Friday, June 17, 2011

Working with Sci2 and Cytoscape

Weighted Bipartite Network -- Thickness of line indicates relative number of contributions
This peculiar, fish-like graph is the result of another morning's efforts to get my initial data into a meaningful and interpretable form. Using the Sci2 Tool (developed at Indiana University for use in analyzing scientific data and co-author networks in scientific literature), I loaded a .CSV file containing my bipartite network data and edge attributes (i.e., weight = # of contributions). I then extracted a bipartite network from this file and used the Cytoscape visualization tool to begin looking at the results.
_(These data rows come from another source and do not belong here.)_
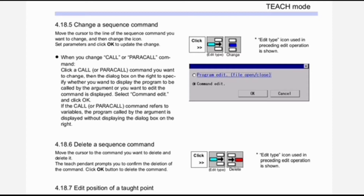Change the icon, set parameters, and click OK to update the change. You can see all this sequence in the image. When you change a call or paracall command, click the call or paracall command you want to change. A dialog box appears on the right to specify whether you want to display the program to be called by the argument or edit the command. Select 'Command Edit' and click OK. If the call or paracall command refers to variables, the program called by the argument is displayed without showing the dialog box.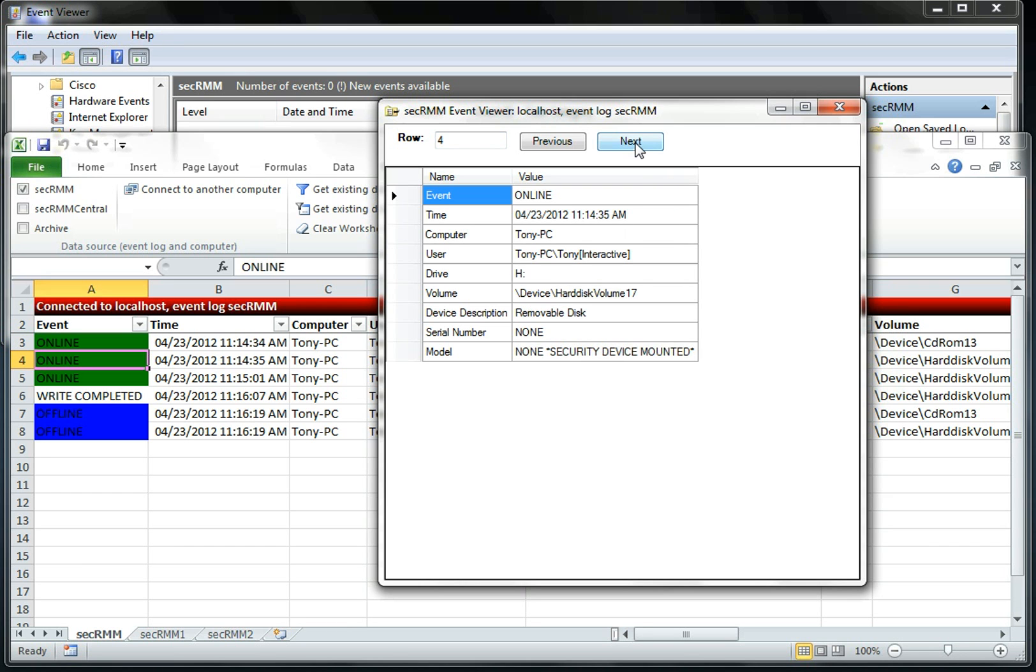So the next thing, and these next two events are fairly important. The operating system told us that there's a piece of hardware that was plugged into the USB, but it's really not truly mounted. That's because we haven't typed the password in yet.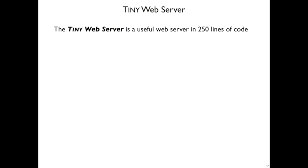With all of that information, we're ready to write our own web server. The book provides the tiny web server, and it only takes about 250 lines of code.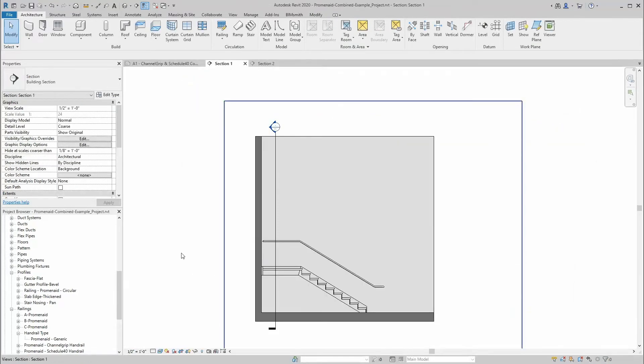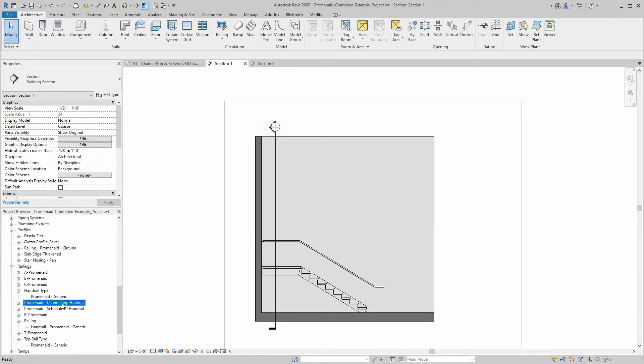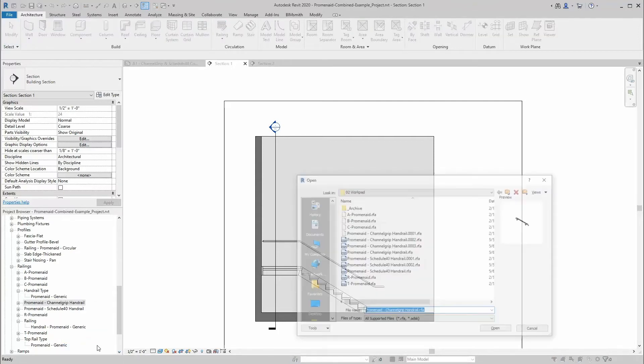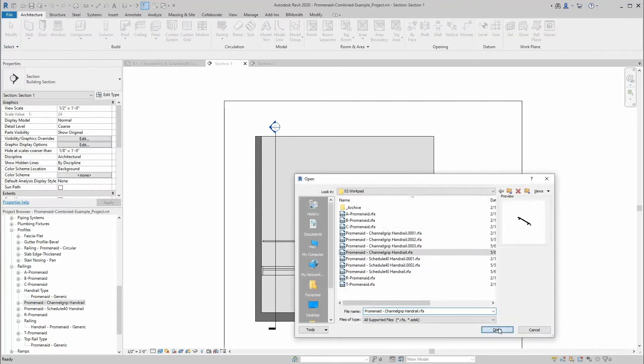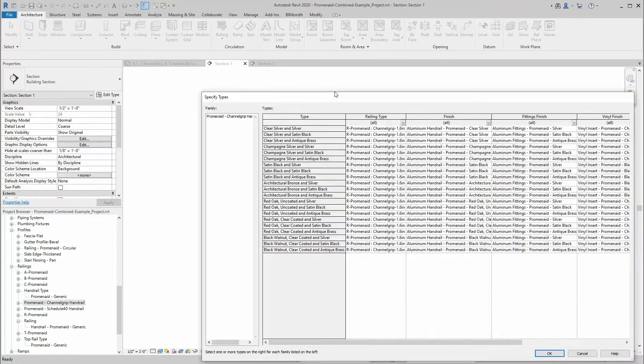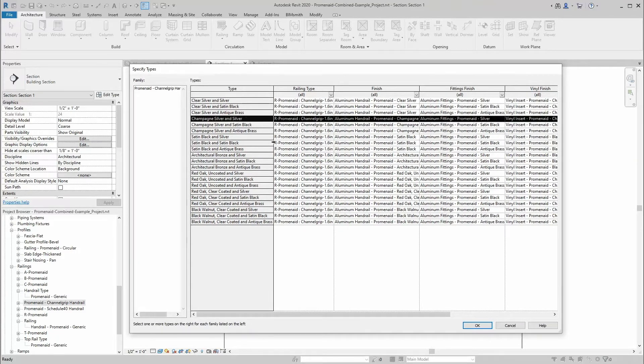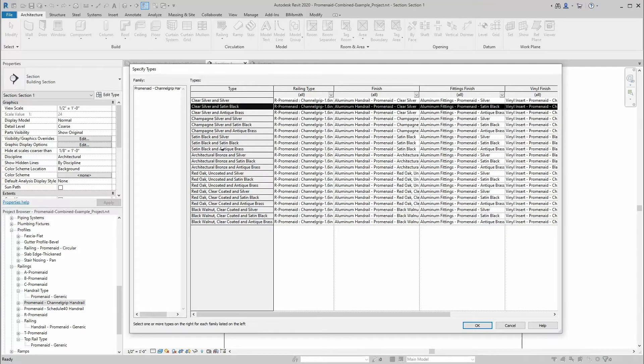Promenade handrails are provided in Revit as both system family handrails for planning as well as face-based families to give you the flexibility to model the handrail you need. First, load the family and select the finish you want.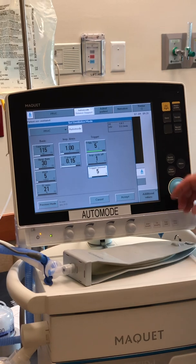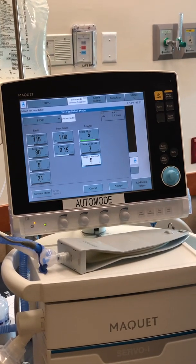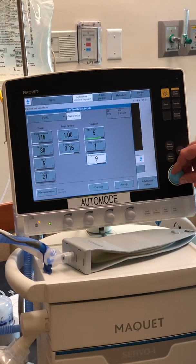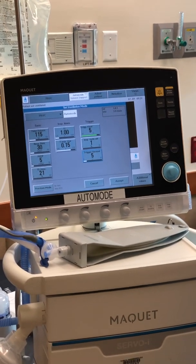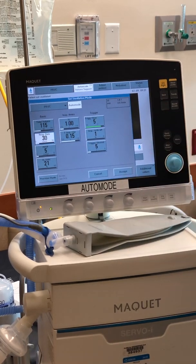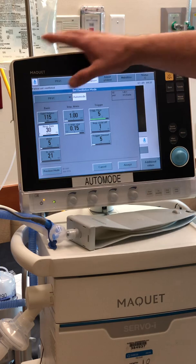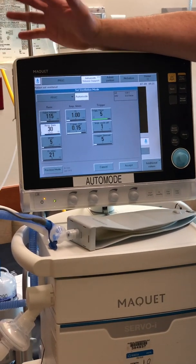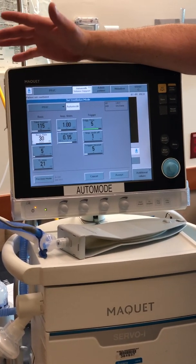An infant in CCU typically takes a breath about every five seconds. The older the patient, the longer you'll want that trigger timeout to be. Let's set it at five seconds for now as an example for infant rates. For the backup rate in auto mode, you need a good feel for what the patient's minute volume needs to be for adequate gas exchange.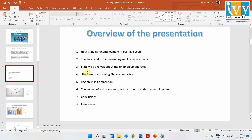Then we will see the state-wise data, and also which are the lower-performing states, and how urban and rural unemployment look in those lower-performing states. Then we will see the regional perspective — since we are a big country, we will look at unemployment in the south, north, east, west, and also the northeast, and see how unemployment has affected all these areas.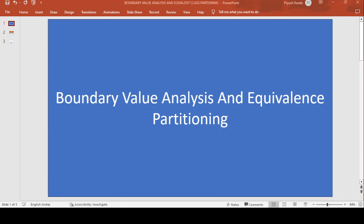Good morning guys, this is Pushpak Raj. Today's topic is the difference between boundary value analysis and equivalent class partitioning. This is an important question from an interview perspective. I have created multiple videos on test case templates, automation testing, and manual testing on this channel, so please subscribe and hit the bell icon. Today's topic is boundary value analysis and equivalent class partitioning.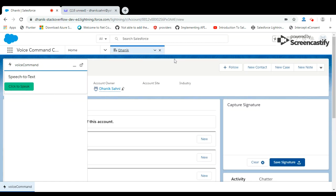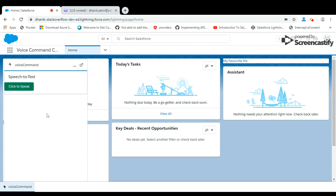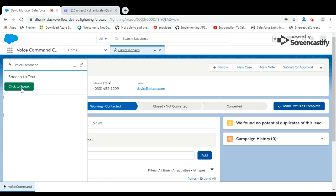So it's opening the account. If you want to see any lead to be open, let's see - if you want to open a lead of David, let's see: open lead of David. So as per the command, it's opening or navigating to the specific record.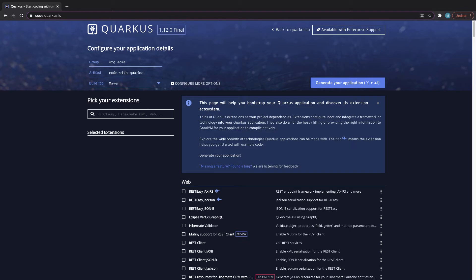You can go to code.quarkus.io and here you can just click and configure the project as you'd like. So you can insert your group ID, your artifact ID, and select the build tool you'd like to use.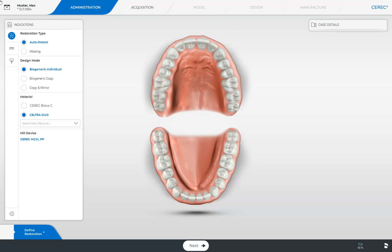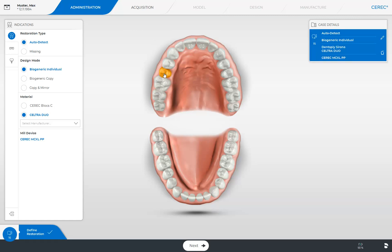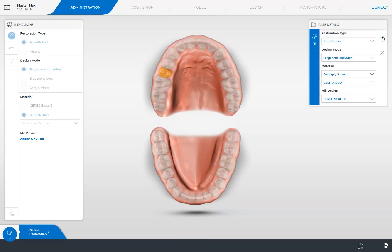After everything has been selected, all we have to do is tap the respective position in the odontogram. As a result, all specified information about this case is displayed in the window under Case Details. If necessary, you can edit your specifications again by clicking the pencil icon. Now all settings can be redefined by tapping on the respective drop-down menu, and for confirmation you then tap the little checkmark.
While the workflow just described might sound straightforward enough, I did run into trouble loading the edge attribute data into Sci2. Failing to find a solution, I ended up entering the data manually in the Cytoscape application, a process made somewhat easier by the fact that I could sort the edges into a list roughly similar to the list contained in my original .CSV file.

Once the data was entered, I could begin the fun part of manipulating the visualization into something that was readable. So, for example, I set the poet and journal nodes to be different shapes and colors. The yellow triangles on the outer rim represent the journals and the green squares just to the right of center represent the 25 poets who makeup my initial database. I then set the thickness of the lines to reflect their weight, with the thinnest lines representing a value of 1 and the thickest representing a value of 48. I also split the journals so as to see more readily which of them had the most contributors in common. Besides 「学校」, of course, these journals included 「詩神」, 「太平洋詩人」, 「暦程」, and 「弾道」.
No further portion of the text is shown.